*EXERCISE AIM*
Exact copy, no pictures: every line from the one that contains "Scott Contemporary Black" through the end of the data below, and nothing else.

*INFORMATION PROVIDED*
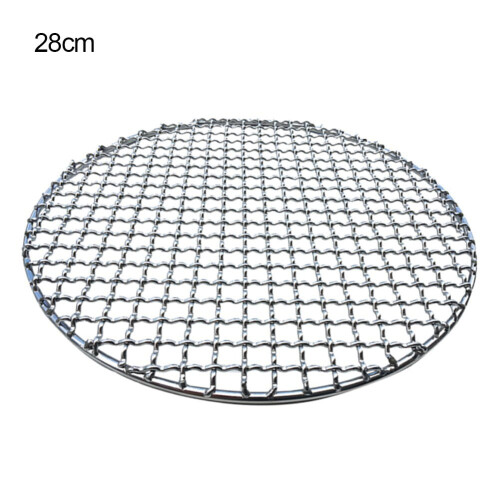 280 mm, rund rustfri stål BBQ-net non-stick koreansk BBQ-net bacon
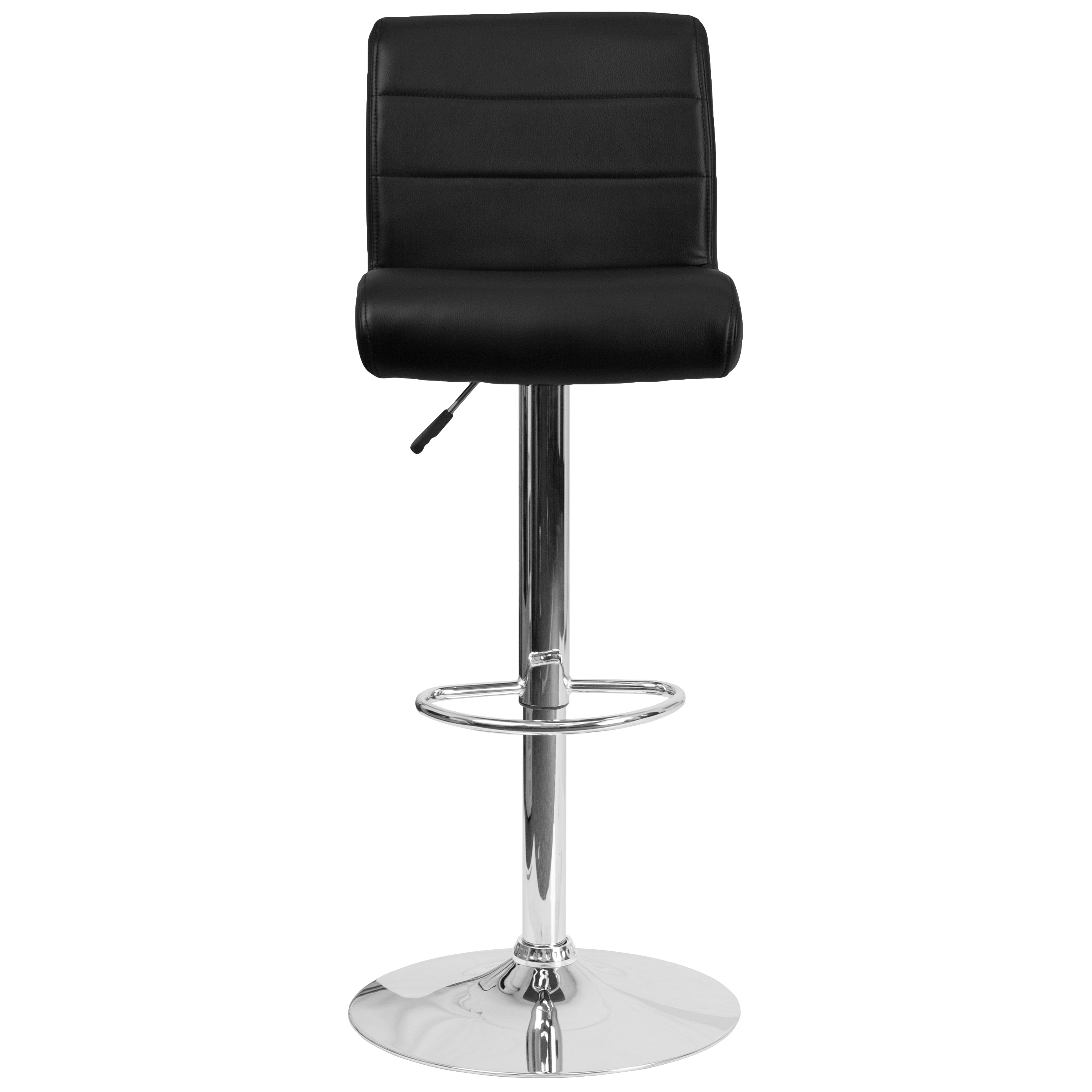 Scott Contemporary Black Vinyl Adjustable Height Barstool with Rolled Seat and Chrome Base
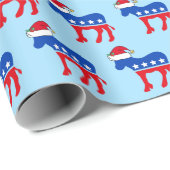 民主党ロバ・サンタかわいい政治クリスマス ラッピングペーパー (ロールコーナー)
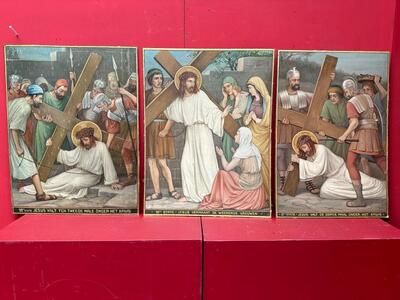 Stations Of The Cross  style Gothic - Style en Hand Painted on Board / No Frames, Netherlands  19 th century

*SOLVED EXERCISE*
 Scott Contemporary Black Vinyl Adjustable Height Barstool with Rolled Seat and Chrome Base
 民主党ロバ・サンタかわいい政治クリスマス ラッピングペーパー (ロールコーナー)
 Stations Of The Cross  style Gothic - Style en Hand Painted on Board / No Frames, Netherlands  19 th century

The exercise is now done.